2.砂浜の先
ようやく外の光に慣れた頃、少女──ティエラは海岸に出たことに気がついた。
「海……?」
そういえば、とティエラは思い返した。
自分は死神に殺されたはずなのに、何故今もこうして息をしているのだろう。
そしてあの花園で出会った男は、何者だったのだろうか。
──あの人は、あの場所を出るまで振り返るなと言っていたけれど……
「え……?」
外に出られた今ならば、もう振り返っても良いだろう。ティエラはそう思って背後を向くと……
「……ただの崖、ですって?」
今さっきまで、確かにティエラが通っていたはずの洞窟が跡形もなく消滅していたのだ。
辺りを見回しても、それらしきものはどこにも見当たらない。
「な、何で……、っ!」
ふと気がつくと、手のひらには握ったままの乳白色の石が、間違いなく存在していた。あの花園で、無精髭の男から受け取ったものだ。
──夢じゃ、ないのよね……?
一体何が起きているのか。そして、ここがどこなのか見当もつかなかった。
「……とにかく、今は城に戻らないと。早く皆に私の無事を報せなければ……!」
早速ティエラは誰かに道を尋ねようと、海岸沿いの崖下を歩き始めた。
すると、洞窟を歩いていた時には感じなかった疲労感がやってきた。
──今になって、一気に疲れが出始めたのかしら。
しばらくすると、漁に出ていたらしい小舟を漕ぐ人影を見つけた。
動きにくい砂浜を小走りで進み、近付いた。
漁師の男達も彼女に気が付くと、好意的な笑顔を浮かべて、船上から手を振った。
「おお、こりゃまた綺麗な女の子だな!」
「どうしたんだ? こんな田舎の海まで散歩かい?」
「道に迷っているの。アディールへ行くには、どう進めば良いかしら?」
「アディールへ? そりゃまた随分遠いなぁ」
「こっから王都へはかなりあるぞ」
「……ここはレデュエータ国内なのよね?」
「確かにそうだが、ここはサンキーノ王国との国境に近い。この海の先に見える陸地は、ミア公国と嶺禅国だよ」
──まさかそんな遠い場所に着いていただなんて!
ティエラも海の向こうの景色には気付いていた。
しかし、見えていたのはアディールとは正反対だった。
あそこに見える陸地が、王都の方角にあるリュジ半島だと思い込んでいたのだ。
──待って。それなら……
ティエラは漁師の話をもとに、ここから王都までの道筋を脳裏に描いた。
彼らの言う通りここが王国内ならば、王都アディールからリュジ半島を経由し、半円を描くようにして列車が走っている。

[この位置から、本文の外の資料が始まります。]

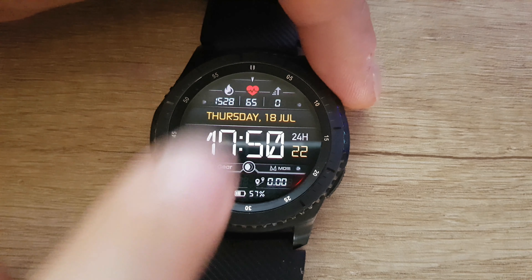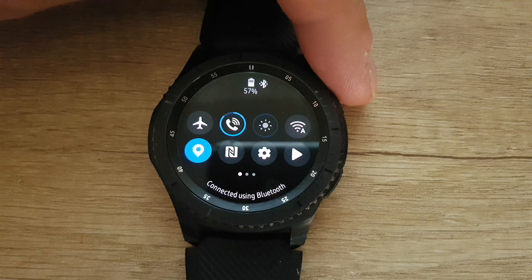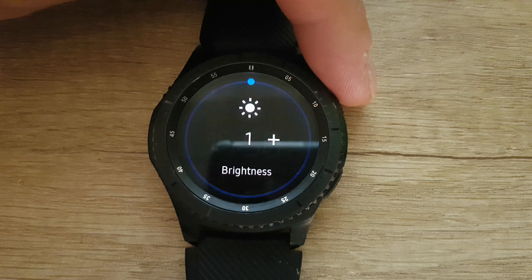Hello guys, the new update for the Samsung Gear S3 is here, and we are going to find out together how it looks and all the process for updating this smartwatch.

その列車に乗れさえすれば、そう時間をかけずに城へ向かえるのではないか。
「この辺りはイリータ街の近くの漁村なのよね?」
「そういうこった。アディールへ向かうなら、この村から街まで歩いて、そっからまた歩くなり馬車に乗るなりして、駅のある遠くの街まで行くしかないな」
レデュエータ王国の地理なら、ティエラもよく理解している。
後は漁師達の言う通り、駅のある街まで向かうのが最もだろう。
早速ティエラは馬車を捕まえる為、漁師達に礼を言って歩き出す。
「あの夜から、どれくらい経ったのかしら」
──お兄様や双子達は、今頃どうしているのかしら。
確かにあの夜、ティエラは死神に命を奪われたはずだった。
自由がきかなくなる手足。ズシンと来た、魂ごと引き裂かれたような、あの感覚。
──あの花園に居た男性も、また一人きりになっているのよね……
あそこはまるで天国とでも言うべき、花が咲き乱れる暖かな楽園だった。
──私は生きているの? それとも既に……
あの男の手によって、再びこの世に舞い戻ってきた──そう言われても不思議ではない程、違和感のある現象が彼女の身に起きている。
思いがけない一人旅は、ティエラに考え事をする時間を多く与えてくれた。
だが、答えは何一つ出て来なかった。